What to work on
Copy, word for word, the lines below from the one containing "punto de fijación, anclaje" up to and including the one containing "I Will Never", with pictures left out.

Top of Listed entries

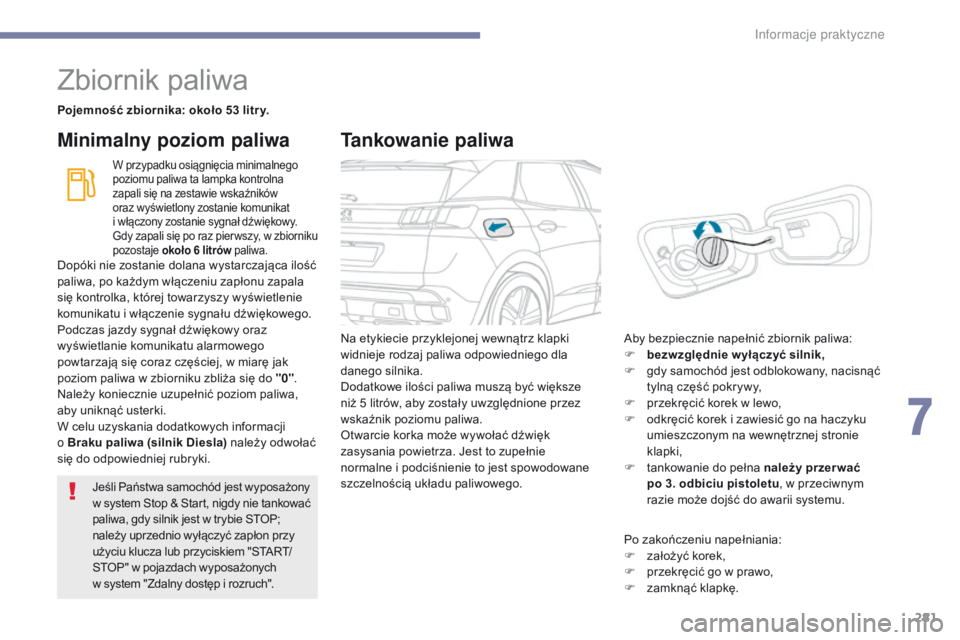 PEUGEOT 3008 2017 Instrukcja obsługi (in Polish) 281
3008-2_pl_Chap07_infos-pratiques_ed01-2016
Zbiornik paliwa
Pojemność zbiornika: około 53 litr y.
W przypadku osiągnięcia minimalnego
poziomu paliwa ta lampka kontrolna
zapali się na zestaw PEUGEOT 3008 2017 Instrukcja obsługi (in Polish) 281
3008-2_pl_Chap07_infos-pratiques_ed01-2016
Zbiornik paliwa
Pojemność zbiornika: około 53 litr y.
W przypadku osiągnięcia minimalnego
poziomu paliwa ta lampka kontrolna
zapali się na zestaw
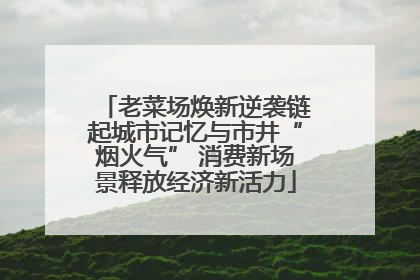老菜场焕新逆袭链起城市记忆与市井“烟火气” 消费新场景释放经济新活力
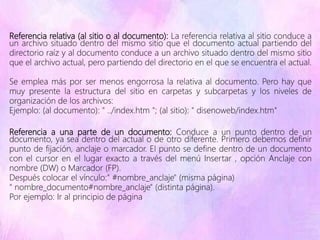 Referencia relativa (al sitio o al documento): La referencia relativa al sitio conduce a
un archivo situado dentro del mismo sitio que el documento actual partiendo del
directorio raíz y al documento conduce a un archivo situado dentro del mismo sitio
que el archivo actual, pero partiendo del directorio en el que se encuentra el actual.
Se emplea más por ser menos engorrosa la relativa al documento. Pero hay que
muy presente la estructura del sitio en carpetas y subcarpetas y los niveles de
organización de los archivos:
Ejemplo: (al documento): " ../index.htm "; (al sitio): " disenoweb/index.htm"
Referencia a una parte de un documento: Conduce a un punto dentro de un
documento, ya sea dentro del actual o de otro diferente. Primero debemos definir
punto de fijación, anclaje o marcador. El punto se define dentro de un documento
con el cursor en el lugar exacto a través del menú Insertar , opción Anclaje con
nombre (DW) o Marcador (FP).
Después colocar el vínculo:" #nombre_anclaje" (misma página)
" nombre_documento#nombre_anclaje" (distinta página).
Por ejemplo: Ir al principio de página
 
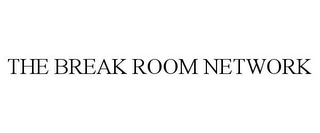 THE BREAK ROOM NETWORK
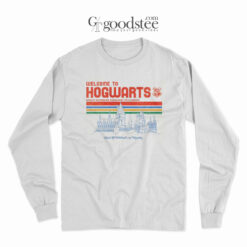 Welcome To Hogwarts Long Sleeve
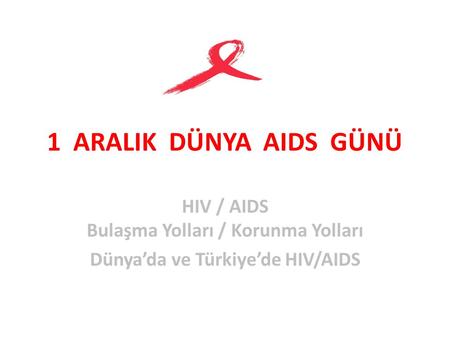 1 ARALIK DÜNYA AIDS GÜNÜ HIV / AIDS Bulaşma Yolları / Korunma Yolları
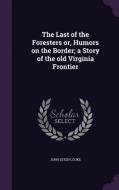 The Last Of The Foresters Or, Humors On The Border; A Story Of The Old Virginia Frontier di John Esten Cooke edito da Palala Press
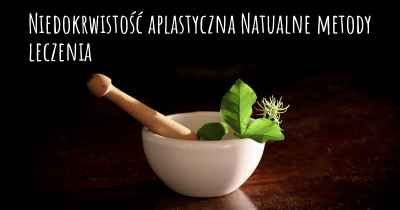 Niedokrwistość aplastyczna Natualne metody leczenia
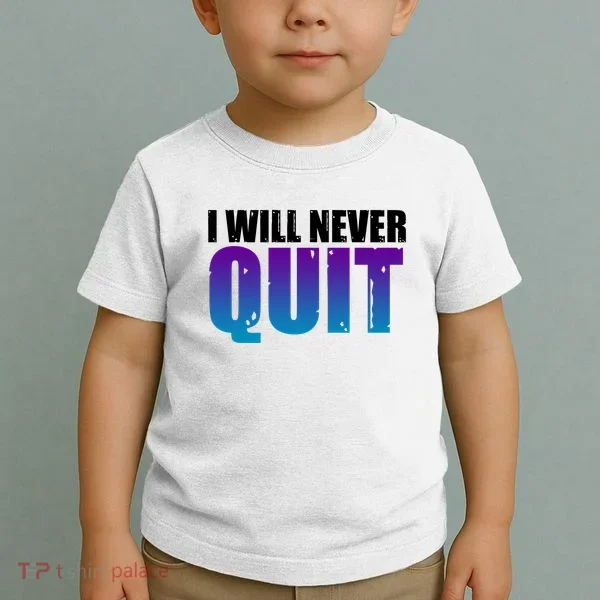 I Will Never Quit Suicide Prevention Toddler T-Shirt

Bottom of Listed entries
Top of Listed entries

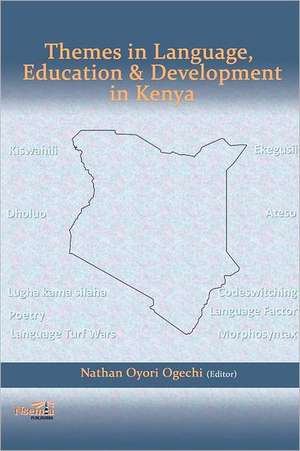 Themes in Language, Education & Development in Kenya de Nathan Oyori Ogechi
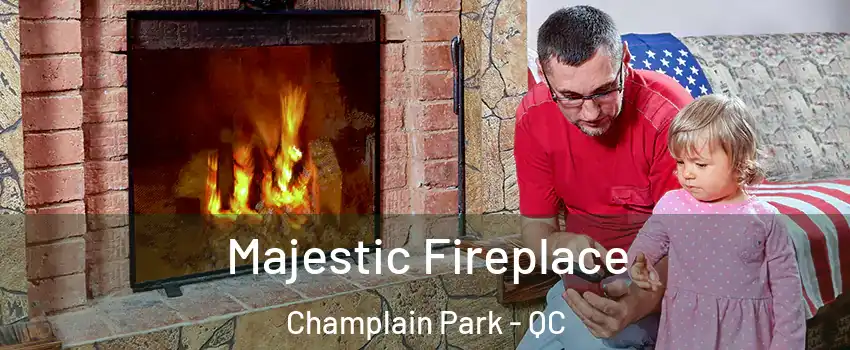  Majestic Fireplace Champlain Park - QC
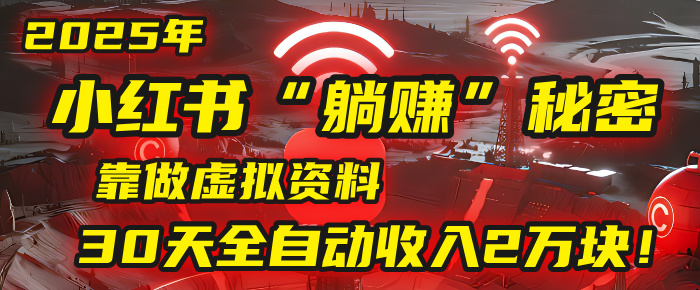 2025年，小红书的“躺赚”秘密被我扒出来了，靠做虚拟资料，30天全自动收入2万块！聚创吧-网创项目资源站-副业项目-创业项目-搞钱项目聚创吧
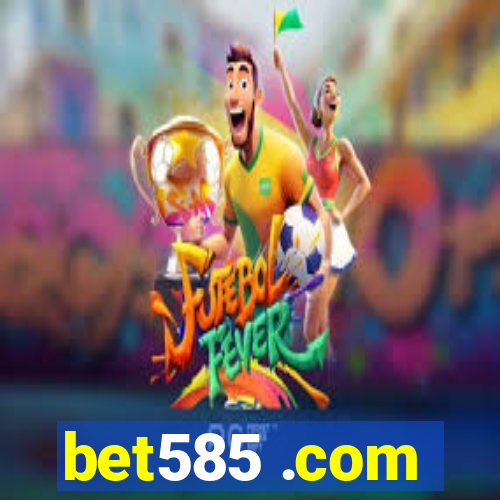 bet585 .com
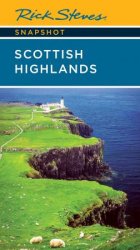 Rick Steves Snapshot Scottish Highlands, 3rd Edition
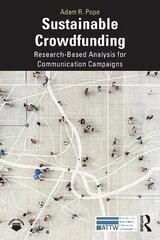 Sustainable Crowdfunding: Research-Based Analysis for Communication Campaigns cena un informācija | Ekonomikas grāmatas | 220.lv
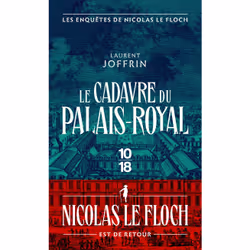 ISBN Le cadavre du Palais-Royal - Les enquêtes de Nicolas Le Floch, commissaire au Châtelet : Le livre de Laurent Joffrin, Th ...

Bottom of Listed entries

Answer to this task
punto de fijación, anclaje o marcador. El punto se define dentro de un documento
con el cursor en el lugar exacto a través del menú Insertar , opción Anclaje con
nombre (DW) o Marcador (FP).
Después colocar el vínculo:" #nombre_anclaje" (misma página)
" nombre_documento#nombre_anclaje" (distinta página).
Por ejemplo: Ir al principio de página
 
 THE BREAK ROOM NETWORK
 Welcome To Hogwarts Long Sleeve
 1 ARALIK DÜNYA AIDS GÜNÜ HIV / AIDS Bulaşma Yolları / Korunma Yolları
 The Last Of The Foresters Or, Humors On The Border; A Story Of The Old Virginia Frontier di John Esten Cooke edito da Palala Press
 Niedokrwistość aplastyczna Natualne metody leczenia
 I Will Never Quit Suicide Prevention Toddler T-Shirt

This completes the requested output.